Copy the entries below word for word, minus the pictures.

╔══

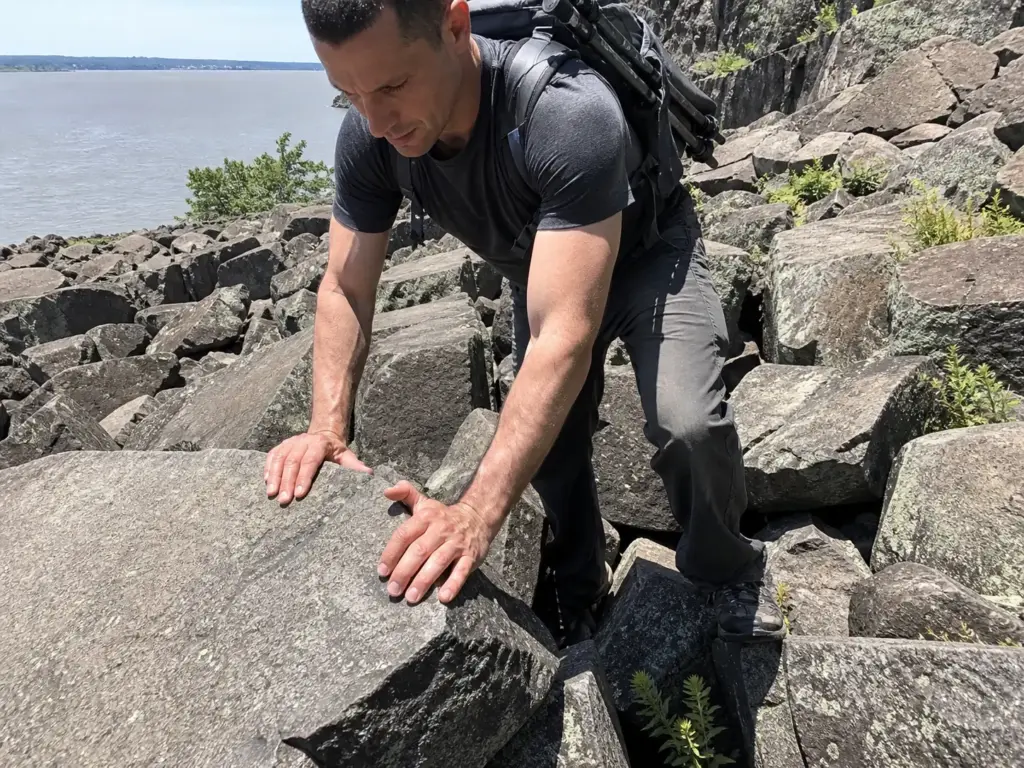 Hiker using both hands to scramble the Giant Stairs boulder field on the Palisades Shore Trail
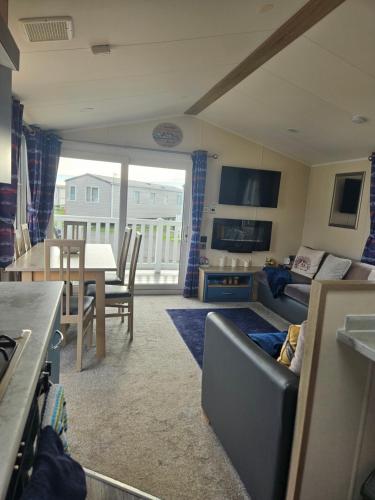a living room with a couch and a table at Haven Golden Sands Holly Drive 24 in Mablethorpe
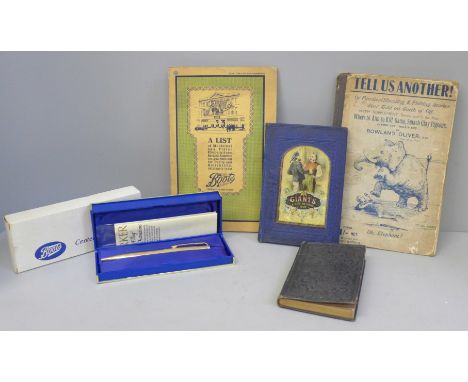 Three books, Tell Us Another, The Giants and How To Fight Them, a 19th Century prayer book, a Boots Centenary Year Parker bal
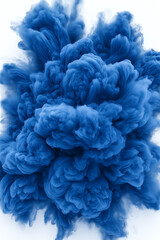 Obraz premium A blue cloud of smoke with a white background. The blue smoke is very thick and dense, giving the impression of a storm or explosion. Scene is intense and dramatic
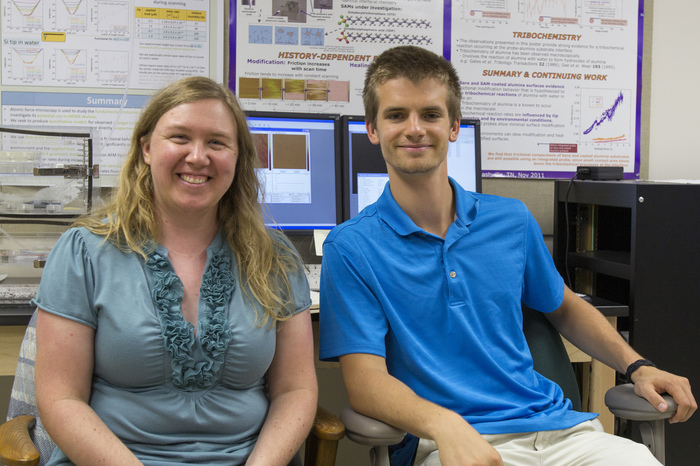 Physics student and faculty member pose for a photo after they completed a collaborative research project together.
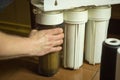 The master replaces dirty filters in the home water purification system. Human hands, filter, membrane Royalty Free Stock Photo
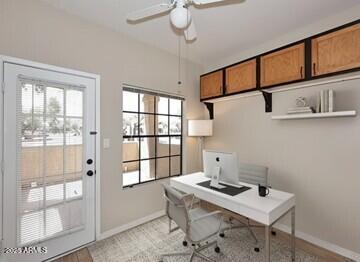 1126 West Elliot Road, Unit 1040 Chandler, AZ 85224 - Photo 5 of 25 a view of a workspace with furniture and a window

╚══

> [Answer to this exercise]:
 Hiker using both hands to scramble the Giant Stairs boulder field on the Palisades Shore Trail
a living room with a couch and a table at Haven Golden Sands Holly Drive 24 in Mablethorpe
 Three books, Tell Us Another, The Giants and How To Fight Them, a 19th Century prayer book, a Boots Centenary Year Parker bal
 Obraz premium A blue cloud of smoke with a white background. The blue smoke is very thick and dense, giving the impression of a storm or explosion. Scene is intense and dramatic
 Physics student and faculty member pose for a photo after they completed a collaborative research project together.
 The master replaces dirty filters in the home water purification system. Human hands, filter, membrane Royalty Free Stock Photo
 1126 West Elliot Road, Unit 1040 Chandler, AZ 85224 - Photo 5 of 25 a view of a workspace with furniture and a window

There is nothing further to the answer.